For the pickup height, you want to hold down the very last fret on the guitar neck and then measure 3/32″ for the neck pickup and then 1/16″ for the neck pickup. If you have active pickups, you may need to go up to 4/32″ and 1.5/16″ instead.
Should The Guitar’s String Action Be Even?
Like I said in my article on action setups, the action ultimately depends on the player. If the player is heavy-handed, then they need higher action. If the player is a lighter-handed player or a shredder, they need lower action to hit the notes properly.
Usually, string action is set up in such a way so as to accommodate the thicker low-end strings (E, A, and D) so it’s lower at the nut and slightly higher near the bridge.
Why Are Some Guitar Pickups Angled?
Some guitars have an angled pickup at the bridge. The closer a pickup is to the bridge, the more bass it will pick up.
The reason for the angle in the pickup placement is mainly to enhance treble response and improve note articulation. The angle also helps enhance the bass frequencies with a brighter, more even tone and to not drown out the higher frequencies.
How Do You Level Guitar Pickups?
Adjusting your pickup height is extremely easy, and for most guitars, all you need is a Phillips screwdriver.
Little by little, you can use your ears and a screwdriver to make your guitar sound the way you want. You have to use a steel ruler (the Mituyoto one) that measures all the way up to 1/64th in order to accurately measure pickup height.
Simply put, there is a magnetic field that floats above the pickup, and if your strings don’t vibrate in this field, you won’t hear a rich, full tone. If you know how to play around with this magnetic field, you’ll be able to adjust your pickups without a problem.
1) With the last fret of the string held down, use a ruler like this Mitutoyo steel Ruler to measure the height from the flat top of the pickup pole piece and the bottom of the low E string.
Measure from the bottom of the string to the top of the pickup (and make sure you’ve held the string down at the last fret). On a humbucker, it should be about 3/32, on a strat single coil, it should be about the same.

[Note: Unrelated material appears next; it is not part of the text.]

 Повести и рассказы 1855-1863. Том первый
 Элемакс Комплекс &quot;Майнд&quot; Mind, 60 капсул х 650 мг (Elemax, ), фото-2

2) Next, check the high E string, it should be close to the same.
3) Lower or raise the pickup, depending on the design of the pickup, by turning the screws on the outside of the pickup. Turn them clockwise to tighten and counter-clockwise to loosen.
4) Double-check each E string to make sure your pickups are close to what they need to be.
It’s a common practice to make sure not to set humbuckers more than 4/64 (1.6mm) close to strings. With Fender-type single coils, try no more than 6/64 (2.4mm) close to the strings. For the bass pickups (and much larger strings), try not to be closer than 5/64 (2mm).
If you find yourself still wanting a bit more power, get your hands on active pickups like EMGs. I have these in my ESP Eclipse and in my Les Paul Custom and I like them a lot. Also, check out Fralin’s guide to adjusting pickup height because he has some useful diagrams there.
Important Things to Note About Pickup Height
1) Some People Do Like Level Pickups
There probably are some people who like their pickups to be level because their pick attack doesn’t allow for slanted or uneven pickups, or they want an even tone.
Either way, you are getting more treble from the neck pickup and more bass from the bridge pickup, by keeping the level of the pickup, you’ll hear bass and treble frequencies evenly.
2) Some People Want More Bass
Some people want a sound where the lower strings are much louder. They may want the pickups to be slightly uneven to produce that effect. Especially if they don’t have a bassist or they want their guitar to sound fuller.
They can keep a double humbucker slanted toward the lower strings near the bridge and the action as low as possible without imposing on the vibrations.